No matter what opinion you have about Brewer, one thing is certain: her choice of a back cover image. To her supporters, this image will be celebrated, but for the rest of us, we just have to say: this is wicked bizarre.

So much can be said about this photo. Here are just a few things:

  • Brewer has an AMAZING PhotoShop individual, having been able to remove decades from her face. The following photo of Brewer is a little bit more accurate. It was taken by Reuters in February, 2011.

  • Brewer is truly a revisionist when it comes to accurately depicting American history. She might have forgotten that the iconic Rosie the Riveter image was developed by the Democratic administration of President Franklin Roosevelt during the war. Rosie was a symbol of putting Americans to work during World War II. The image is a classic celebration of the American labor force and has long been associated with organized labor, one of the "scorpions" Brewer is trying to eat for breakfast now.
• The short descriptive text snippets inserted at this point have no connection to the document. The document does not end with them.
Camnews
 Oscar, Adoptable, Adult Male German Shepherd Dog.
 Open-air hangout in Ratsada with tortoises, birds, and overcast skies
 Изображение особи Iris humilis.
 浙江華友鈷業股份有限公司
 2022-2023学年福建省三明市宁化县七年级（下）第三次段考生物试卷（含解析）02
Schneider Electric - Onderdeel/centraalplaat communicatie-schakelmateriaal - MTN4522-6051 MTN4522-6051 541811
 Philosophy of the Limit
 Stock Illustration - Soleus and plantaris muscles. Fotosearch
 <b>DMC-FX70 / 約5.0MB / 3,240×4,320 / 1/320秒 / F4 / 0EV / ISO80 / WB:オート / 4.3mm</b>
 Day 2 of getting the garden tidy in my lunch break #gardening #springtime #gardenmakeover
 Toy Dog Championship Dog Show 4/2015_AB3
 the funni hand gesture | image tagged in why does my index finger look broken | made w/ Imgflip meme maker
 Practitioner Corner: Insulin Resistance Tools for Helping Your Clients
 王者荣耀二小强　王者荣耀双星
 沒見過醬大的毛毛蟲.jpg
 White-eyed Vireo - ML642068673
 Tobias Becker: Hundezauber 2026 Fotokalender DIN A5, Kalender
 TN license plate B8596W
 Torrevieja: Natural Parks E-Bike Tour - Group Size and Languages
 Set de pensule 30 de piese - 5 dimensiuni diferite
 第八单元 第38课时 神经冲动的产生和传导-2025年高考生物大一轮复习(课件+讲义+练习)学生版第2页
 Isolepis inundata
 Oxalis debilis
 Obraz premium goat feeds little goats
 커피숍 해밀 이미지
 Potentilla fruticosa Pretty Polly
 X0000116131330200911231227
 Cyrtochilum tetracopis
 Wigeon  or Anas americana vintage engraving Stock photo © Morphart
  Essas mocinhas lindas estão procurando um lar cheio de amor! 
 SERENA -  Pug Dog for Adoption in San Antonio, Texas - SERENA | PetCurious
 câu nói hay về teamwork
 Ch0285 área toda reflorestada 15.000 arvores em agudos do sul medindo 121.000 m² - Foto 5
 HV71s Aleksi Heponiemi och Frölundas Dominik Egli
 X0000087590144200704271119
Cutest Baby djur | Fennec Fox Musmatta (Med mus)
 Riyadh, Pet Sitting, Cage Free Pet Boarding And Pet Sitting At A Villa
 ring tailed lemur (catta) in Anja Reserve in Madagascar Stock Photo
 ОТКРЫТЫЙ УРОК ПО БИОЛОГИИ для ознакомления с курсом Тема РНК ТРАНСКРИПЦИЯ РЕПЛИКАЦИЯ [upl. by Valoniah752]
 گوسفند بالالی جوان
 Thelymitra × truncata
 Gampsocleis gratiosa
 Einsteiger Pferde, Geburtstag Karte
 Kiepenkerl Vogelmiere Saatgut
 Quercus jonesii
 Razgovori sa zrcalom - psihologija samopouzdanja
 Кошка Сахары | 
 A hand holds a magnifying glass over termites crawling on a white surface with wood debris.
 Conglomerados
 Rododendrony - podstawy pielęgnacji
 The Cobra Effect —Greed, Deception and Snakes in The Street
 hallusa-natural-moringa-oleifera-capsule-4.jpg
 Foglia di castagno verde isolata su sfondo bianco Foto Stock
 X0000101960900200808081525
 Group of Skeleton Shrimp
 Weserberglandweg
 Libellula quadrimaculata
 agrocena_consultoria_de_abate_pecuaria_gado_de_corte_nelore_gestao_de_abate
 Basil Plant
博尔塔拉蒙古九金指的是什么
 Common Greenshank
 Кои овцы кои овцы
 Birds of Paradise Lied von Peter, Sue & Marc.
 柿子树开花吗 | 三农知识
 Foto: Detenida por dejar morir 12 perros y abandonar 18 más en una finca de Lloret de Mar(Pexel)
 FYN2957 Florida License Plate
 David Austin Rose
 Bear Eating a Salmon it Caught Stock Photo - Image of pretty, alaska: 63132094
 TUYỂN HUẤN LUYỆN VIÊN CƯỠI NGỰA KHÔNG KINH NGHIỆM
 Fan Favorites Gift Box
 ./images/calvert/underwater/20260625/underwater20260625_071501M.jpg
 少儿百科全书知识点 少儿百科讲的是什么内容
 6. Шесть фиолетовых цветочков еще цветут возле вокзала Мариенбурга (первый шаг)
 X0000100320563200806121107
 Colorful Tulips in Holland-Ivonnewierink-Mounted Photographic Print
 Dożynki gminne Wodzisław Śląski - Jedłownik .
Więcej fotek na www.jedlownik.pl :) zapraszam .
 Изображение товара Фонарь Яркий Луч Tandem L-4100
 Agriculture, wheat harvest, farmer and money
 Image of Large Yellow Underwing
As one source says: "The organized labor movement, strengthened by the war beyond even its depression-era height, became a major counterbalance to both the government and private industry." So do these young ladies below (whom we might sepculate as of the GOP variation) that this picture is more associated with organized labor than it is with a new belief in states' rights?

 

So, if you want to read Brewer's book, you can get it on Amazon, or you can just read the book's official promo text and decide for yourself.

 

Sometime after dark on March 27, 2010, Arizona rancher Robert Krentz was found dead next to his four-wheeler on the grounds of his ranch on the Arizona-Mexico border. Krentz and his dog, Blue, had been missing since that morning. They were last heard from when he radioed his brother to say that he’d found an illegal alien on the property and was going to offer him assistance. The man Krentz encountered that day shot and killed him and his dog, without warning, before escaping to Mexico.

It’s difficult to overstate the impact of Krentz’s death, which turned the issue of Arizona’s unsecured border—a crisis that the federal government had repeatedly ignored—into a national concern. As Arizona sheriff Larry Dever said in his testimony before the Senate Homeland Security Committee, “We cannot sit by while our citizens are terrorized, robbed, and murdered by ruthless and desperate people who enter our country illegally.” This momentum helped pass SB 1070, a bill that authorizes local law enforcement under certain conditions to question persons reasonably suspected of being illegal aliens, which Governor Jan Brewer and the state legislature had been working on for months. With the passage of this controversial bill, the state of Arizona became ground zero in the impassioned debate over illegal immigration. The Democrats and the media went into overdrive, denouncing the state and its governor as racists and Nazis.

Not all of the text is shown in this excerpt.